The entire MP3 encoding process, along with other encoders, can be subdivided into a few discrete tasks, though not necessarily in this particular order:

  1. The encoder breaks the audio signal into smaller component pieces called "frames," each typically lasting a fraction of a second.

  2. It next analyzes the signal to determine its "spectral energy distribution." In other words, it computes how the bits should be distributed for the best audio encoding. Due to slight variations in the encoding algorithm for more efficient encoding, the signal breaks into sub-bands, which are processed independently for better results.

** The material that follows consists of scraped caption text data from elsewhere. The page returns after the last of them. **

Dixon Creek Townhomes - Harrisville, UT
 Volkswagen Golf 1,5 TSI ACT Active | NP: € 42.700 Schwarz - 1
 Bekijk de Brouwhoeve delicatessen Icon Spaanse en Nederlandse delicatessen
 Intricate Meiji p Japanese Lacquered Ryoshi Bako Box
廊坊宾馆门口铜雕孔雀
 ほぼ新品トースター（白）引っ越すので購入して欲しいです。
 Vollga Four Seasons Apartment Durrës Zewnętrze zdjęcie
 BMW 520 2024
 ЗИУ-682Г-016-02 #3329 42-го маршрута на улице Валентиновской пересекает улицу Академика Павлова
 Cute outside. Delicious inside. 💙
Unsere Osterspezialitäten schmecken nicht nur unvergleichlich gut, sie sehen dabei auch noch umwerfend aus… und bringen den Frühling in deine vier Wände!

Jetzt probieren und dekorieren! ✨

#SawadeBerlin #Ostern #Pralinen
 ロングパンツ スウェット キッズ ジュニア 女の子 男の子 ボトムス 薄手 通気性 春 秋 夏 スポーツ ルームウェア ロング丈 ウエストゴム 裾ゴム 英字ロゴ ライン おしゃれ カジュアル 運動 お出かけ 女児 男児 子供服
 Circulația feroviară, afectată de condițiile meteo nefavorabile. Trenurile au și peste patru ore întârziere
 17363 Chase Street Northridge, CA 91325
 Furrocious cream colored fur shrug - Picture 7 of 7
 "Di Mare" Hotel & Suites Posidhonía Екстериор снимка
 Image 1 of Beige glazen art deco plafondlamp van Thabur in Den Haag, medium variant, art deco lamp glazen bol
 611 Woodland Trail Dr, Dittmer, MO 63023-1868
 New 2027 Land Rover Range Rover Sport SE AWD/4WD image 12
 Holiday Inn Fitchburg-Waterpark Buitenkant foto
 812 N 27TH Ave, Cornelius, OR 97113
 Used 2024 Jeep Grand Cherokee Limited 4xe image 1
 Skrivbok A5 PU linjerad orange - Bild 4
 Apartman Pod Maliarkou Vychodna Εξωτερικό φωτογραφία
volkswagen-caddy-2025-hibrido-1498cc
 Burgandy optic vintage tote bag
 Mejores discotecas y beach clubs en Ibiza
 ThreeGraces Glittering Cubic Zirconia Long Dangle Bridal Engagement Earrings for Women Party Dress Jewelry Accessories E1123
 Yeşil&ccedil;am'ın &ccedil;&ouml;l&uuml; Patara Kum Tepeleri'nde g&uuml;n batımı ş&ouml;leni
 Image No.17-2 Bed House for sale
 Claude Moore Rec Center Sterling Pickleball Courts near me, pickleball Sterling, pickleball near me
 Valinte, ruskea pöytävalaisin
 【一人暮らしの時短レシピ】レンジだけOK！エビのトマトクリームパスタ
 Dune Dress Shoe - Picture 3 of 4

  3. Next, the encoding bitrate is determined and the maximum number of bits allocated to each frame is calculated. For example, if encoding at 128 kbps, this is then the upper limit of data that can be stored in each frame. This changes with variable bitrates, but that is addressed later. This step determines how much of the available audio data is stored and how much is discarded.

  4. The frequency of each frame is compared to mathematical models of human psychoacoustics which are stored in the codec as a reference table. From this model, it can be determined which frequencies need to be rendered accurately, those that are perceptible to humans, and those that can be dropped or allocated fewer bits, since the human ear could not detect it.

  5. The bitstream then uses "Huffman coding," which compresses redundant information throughout the sample. Huffman coding does not work with a psychoacoustic model, but achieves additional compression via more traditional means. The entire MP3 encoding process is a two-pass system. First, all psychoacoustic models are utilized, discarding data in the process, and then the remainder is compressed to minimize storage space required by any redundancies. This second step, the Huffman coding, does not discard data. It simply stores what is left in a smaller amount of space.

  6. The collection of frames is assembled into a serial bitstream, with header information preceding each data frame. The headers contain instructional "meta-data" specific to that frame.

  7. Other factors enter into the equation, often as the result of options chosen prior to beginning the encoding. In addition, algorithms needed for encoding an individual frame often rely on the encoding results of the frames that precede or follow them. The entire process is performed almost simultaneously, though the preceding steps are not necessarily run in order.